Pauline Marois et Gilles Duceppe ont écrit au président français pour déplorer les «épithètes méprisantes» que celui-ci a accolées aux indépendantistes québécois. Souhaitons que M. Sarkozy trouvera le temps de lire cette lettre; il y trouvera le ton généralement sobre et les idées modérées qui caractérisent les dirigeants du mouvement souverainiste d'aujourd'hui.

Contrairement à ce qu'a laissé entendre le président de la République, les souverainistes du Québec ne sont pas favorables à l'«enfermement»; ils n'incitent personne à «détester» les Canadiens des autres provinces.

Quant au sectarisme, le mot est trop fort. Cependant, les chefs indépendantistes doivent convenir qu'il existe au sein de leur mouvement un courant substantiel dont la tolérance aux opinions contraires n'est pas la principale vertu. Ce sont ces gens, dont certains fort connus, qui traitent les fédéralistes de traîtres, de vendus et autres insultes du genre, et dont les dirigeants du PQ et du Bloc ne se dissocient pas assez clairement.

Parlant de tolérance à l'égard des idées d'autrui, on ne peut pas dire que le chef du Bloc en a beaucoup manifesté en mettant les propos de Nicolas Sarkozy sur le compte de son «ignorance crasse» de la situation au Québec. Qu'en sait-il? Dans leur lettre, Gilles Duceppe et Pauline Marois citent, admiratifs, les déclarations du général de Gaulle au sujet de la «libération» du Québec. Le célèbre général connaissait-il mieux le Québec que M. Sarkozy aujourd'hui?

Cette ignorance dont parle M. Duceppe, Bernard Landry n'en avait pas décelé trace lors de sa rencontre avec le futur président il y a quatre ans. M. Landry n'avait pas non plus eu l'impression que M. Sarkozy était endoctriné par l'homme d'affaires Paul Desmarais, comme le prétendent aujourd'hui des indépendantistes dans une manoeuvre de mauvais goût visant à discréditer l'opinion du président. Faisant référence à l'amitié entre le propriétaire de La Presse et le politicien français, M. Landry avait déclaré: «M. Sarkozy a des amis qui ne pensent pas exactement comme nous.
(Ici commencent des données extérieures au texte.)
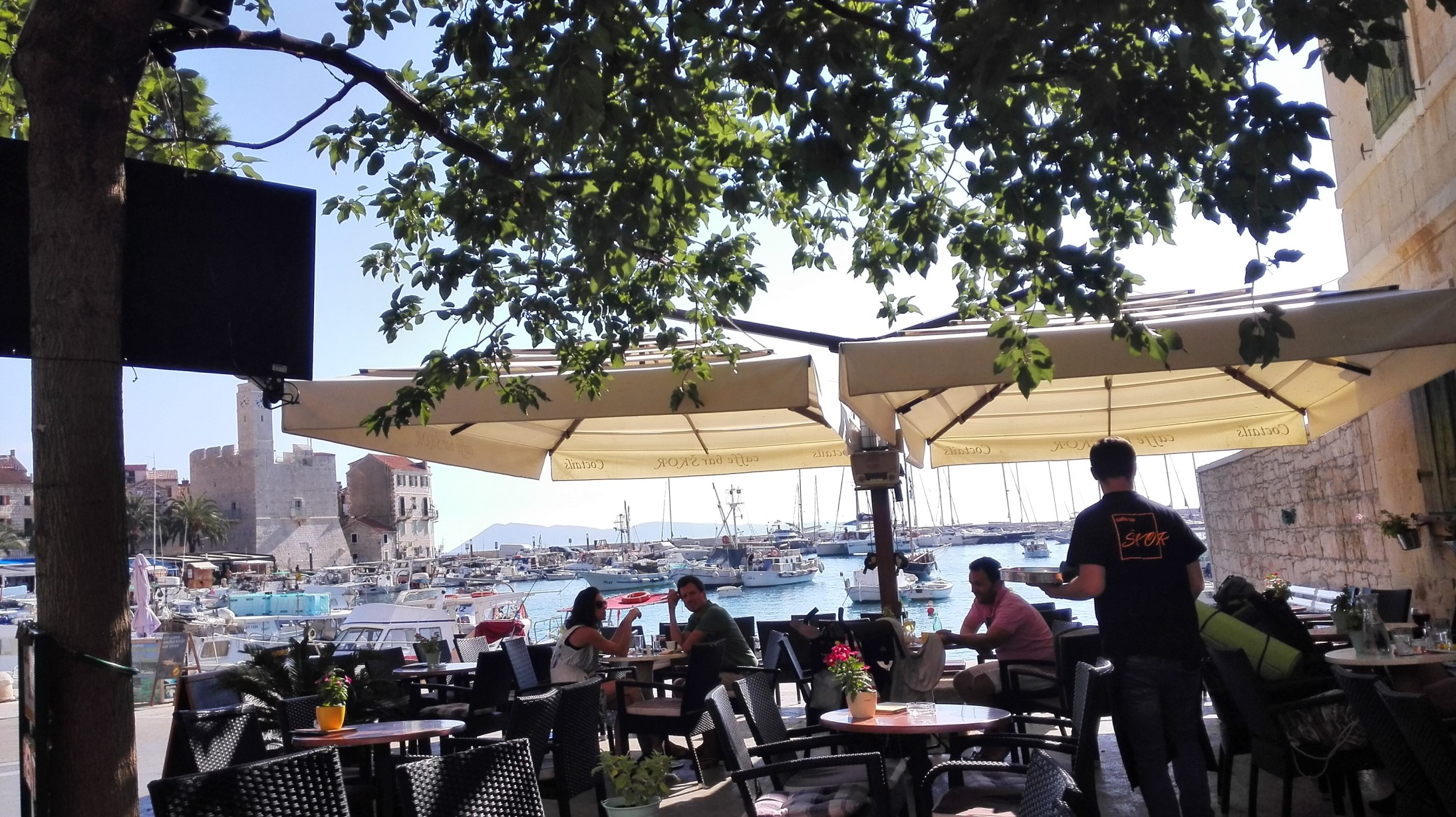 Škor aka Petit Paris zazwyczaj tylko mijamy. Wsioki z Rukavca nie potrzebują miastowej kawy ;p / 05.jpg 05.jpg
Mais ils lui ont présenté les choses d'une façon relativement objective. Il n'y a rien de négatif de son côté.»

Écrivant au chef de l'Élysée, les leaders indépendantistes n'abordent pas une partie essentielle de ses récents propos. Ce passage, sous forme de question, est d'une pertinence certaine. Il exprime la vision particulière qu'un homme d'État profondément engagé dans les affaires internationales peut avoir du débat sur l'avenir politique du Québec.

«Croyez-vous que le monde, dans la crise sans précédent qu'il traverse, a besoin de division?» a demandé M. Sarkozy à son auditoire. Qui répondrait par l'affirmative?

Dans leur missive, Mme Marois et M. Duceppe soulignent au président de la République que «les Nations-Unies ont accueilli, depuis 1980, pas moins de 38 nouveaux pays». C'est un fait.

Le monde s'en porte-t-il mieux? De combien de ces pays les Québécois devraient-ils envier la qualité de vie politique, sociale, culturelle, économique? Est-il vraiment souhaitable que cette désagrégation des pays existants se poursuive?